*What the exercise asks*
Exactly as written, print out each entry in the data, with no pictures.
Records supplied below:
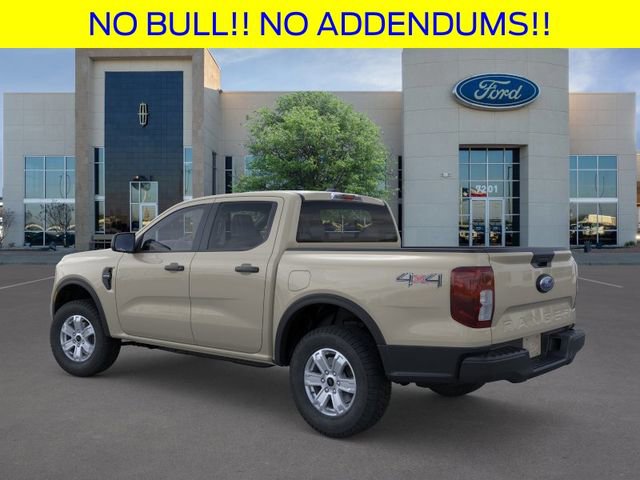 New 2026 Ford Ranger XL AWD/4WD image 5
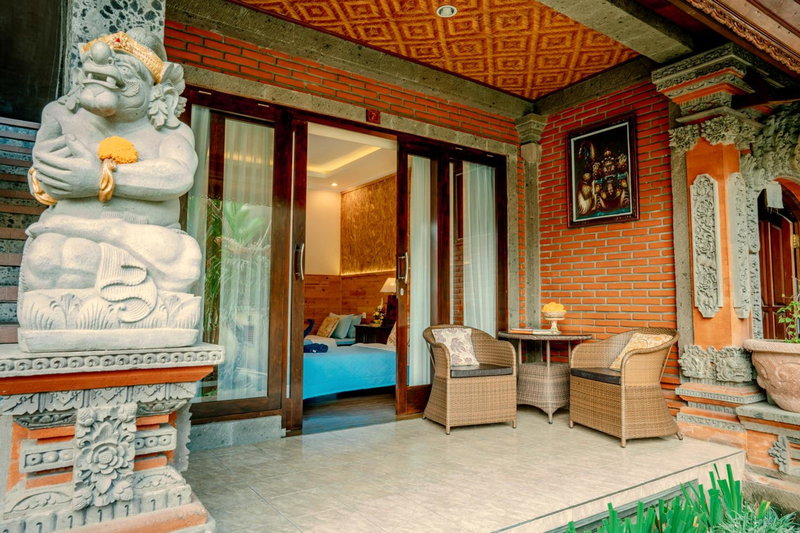 Kun - Kun Guest House Ubud, Ubud, Indonesia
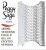 DESIGN FOILS PER GEL EFFETTO VETRATA- PEGGY SAGE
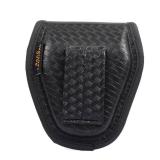 LytHarvest Hidden Snap Basketweave Handcuff Case, Molded Double Cuff Case (Basketweave Cuff Case) - Retail: $16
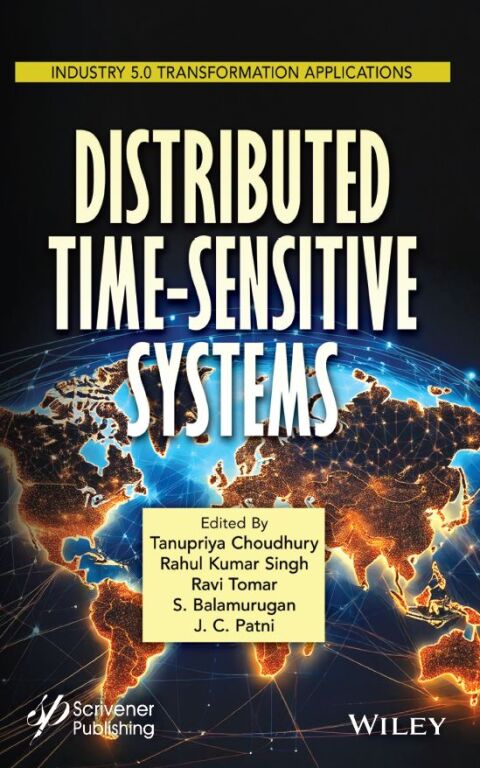 Distributed Time-Sensitive Systems 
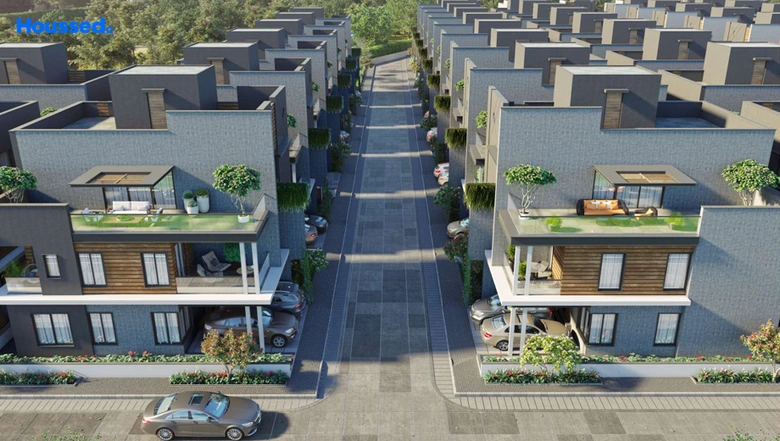 Project Image of Haris Pranava Affluence in LB Nagar, Hyderabad - Image 136958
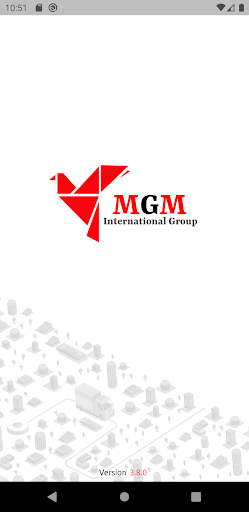Android application MGM (Business) screenshort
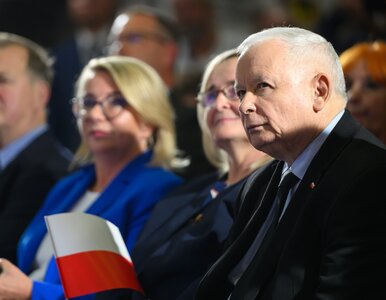 Miniatura: Kaczyński zażartował na spotkaniu....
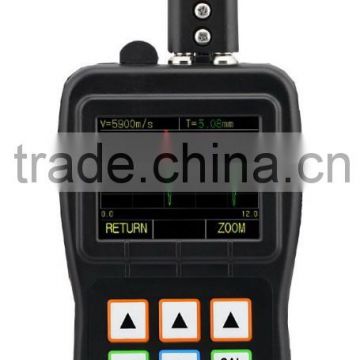 ST-4D Ultrasonic Color Waveform Corrosion Thickness Gauge(A-Scan)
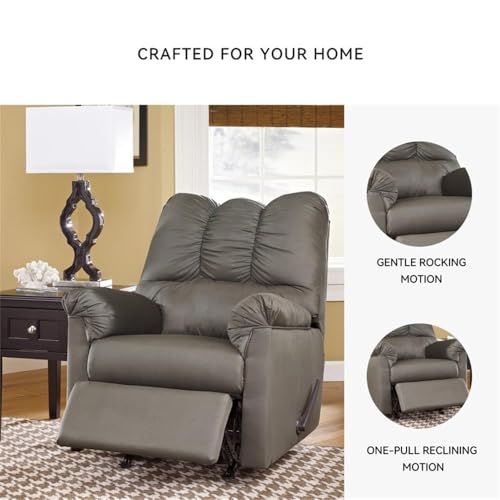 Manual Rocker Recliner Chair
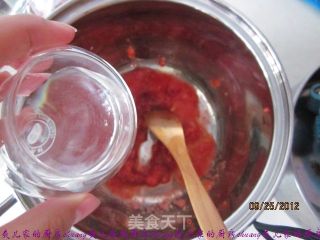宝宝辅食——草莓汁的做法步骤：3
End of Records supplied.
*Solved problem*
 New 2026 Ford Ranger XL AWD/4WD image 5
 Kun - Kun Guest House Ubud, Ubud, Indonesia
 DESIGN FOILS PER GEL EFFETTO VETRATA- PEGGY SAGE
 LytHarvest Hidden Snap Basketweave Handcuff Case, Molded Double Cuff Case (Basketweave Cuff Case) - Retail: $16
 Distributed Time-Sensitive Systems 
 Project Image of Haris Pranava Affluence in LB Nagar, Hyderabad - Image 136958
Android application MGM (Business) screenshort
 Miniatura: Kaczyński zażartował na spotkaniu....
 ST-4D Ultrasonic Color Waveform Corrosion Thickness Gauge(A-Scan)
 Manual Rocker Recliner Chair
宝宝辅食——草莓汁的做法步骤：3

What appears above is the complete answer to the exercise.